Other than a couple references to his alma mater, Ryan’s speech fell in line with what Republican Mitt Romney gave the day before in Chillicothe to a much more enthusiastic crowd, also outside and about the same size. While providing applause and cheers at key points, Ryan’s crowd was subdued compared with the reaction to Romney’s fire and brimstone speech.

Ryan, dressed in khaki slacks and an open collar, long-sleeve blue shirt, revealed he liked 5-way chili. And Oxford, of course, is not his hometown. That would be Janesville, Wis.

This was Ryan’s first campaign visit to Ohio since being named to the ticket. His second will be Thursday in Canton at Walsh University.

Photo credit:Ushanka

Check out Ushanka‘s blog for more photos from the rally. Video of his speech, here.

Paul Ryan is said to have honed his conservative economic views at Ohio’s Miami University where his interest in politics and economics thrived during his four years on the small-town campus.

The AP sent a reporter to Oxford OH to look into Ryan’s days there.

The liberal arts school of 14,000 students prided itself on its teachers and the kind of personal availability that Ryan found with Hart, who Ryan has said challenged him and set him on “a vision quest” to improve the nation’s economics.

Hart had Ryan, an economics/political science double major, in a junior-level macroeconomics class designed to be a “weeder” — loaded with analytics and math, it wasn’t meant to help grade-point averages.
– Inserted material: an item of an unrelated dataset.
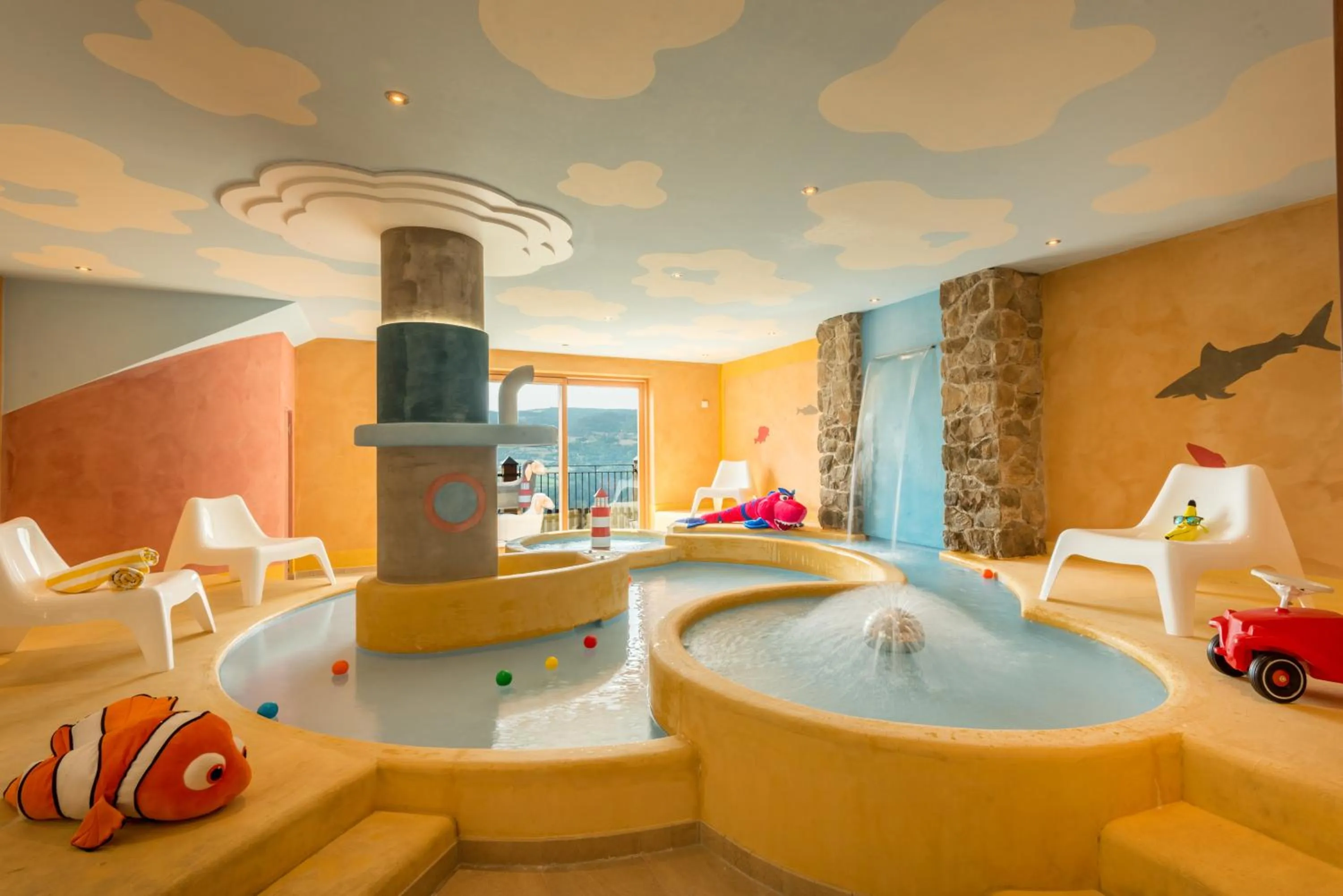 Swimming pool in Hotel Emmy - five elements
Ryan had little trouble mastering the work, Hart said, and he stood out with an intellectual curiosity that brought him frequently to Hart’s office to talk things out. They dissected what they saw as flaws in Keynesian economics and government approaches, and traded thoughts on writings such F.A. Hayek’s 1944 warning against state control, “The Road to Serfdom,” and Rand’s “Atlas Shrugged,” about creative and productive individuals rebelling against increasing government control and taxation.

Hart doesn’t remember Ryan ever discussing plans to run for office, but he said he wasn’t surprised when Ryan asked for a recommendation for an internship in the office of Sen. Bob Kasten, R-Wis., which Ryan landed, or when Ryan went to work after college for New York Rep. Jack Kemp. Hart considered Kemp, with his optimism and font of conservative ideas, a natural political mentor for Ryan.

Ryan had joined the College Republicans and took on tasks such as putting up yard signs and knocking on doors for Boehner, who would win election in Republican-dominated Butler County in 1990 to the seat he still holds.

Miami’s political connections go back to President Benjamin Harrison, Class of 1852. Vice President George H.W. Bush campaigned on the campus in 1988, Ryan’s freshman year, and the campus was among the settings for George Clooney’s 2011 presidential politics thriller “The Ides of March.”

Ryan stayed in the Anderson Hall dormitory his freshman year, then moved to the Delta Tau Delta house. Several Greek houses were founded at Miami, and about a third of its undergraduates are in fraternities or sororities.

A younger fraternity brother recalls Ryan participating in fraternity parties, but not to excess.

“He was a pretty conservative guy, and with a very good sense of humor,” said Michael Loisel. “He liked to engage in conversation, and with a little more depth than the ‘Where did you go last night?’ and ‘How much did you drink?'”

Loisel, now an assistant prosecutor in Lucas County, Ohio, remembers Ryan as not engaging in the heavy-handed hazing of pledges. “He was one of the guys you could talk to. He wouldn’t belittle you,” Loisel said.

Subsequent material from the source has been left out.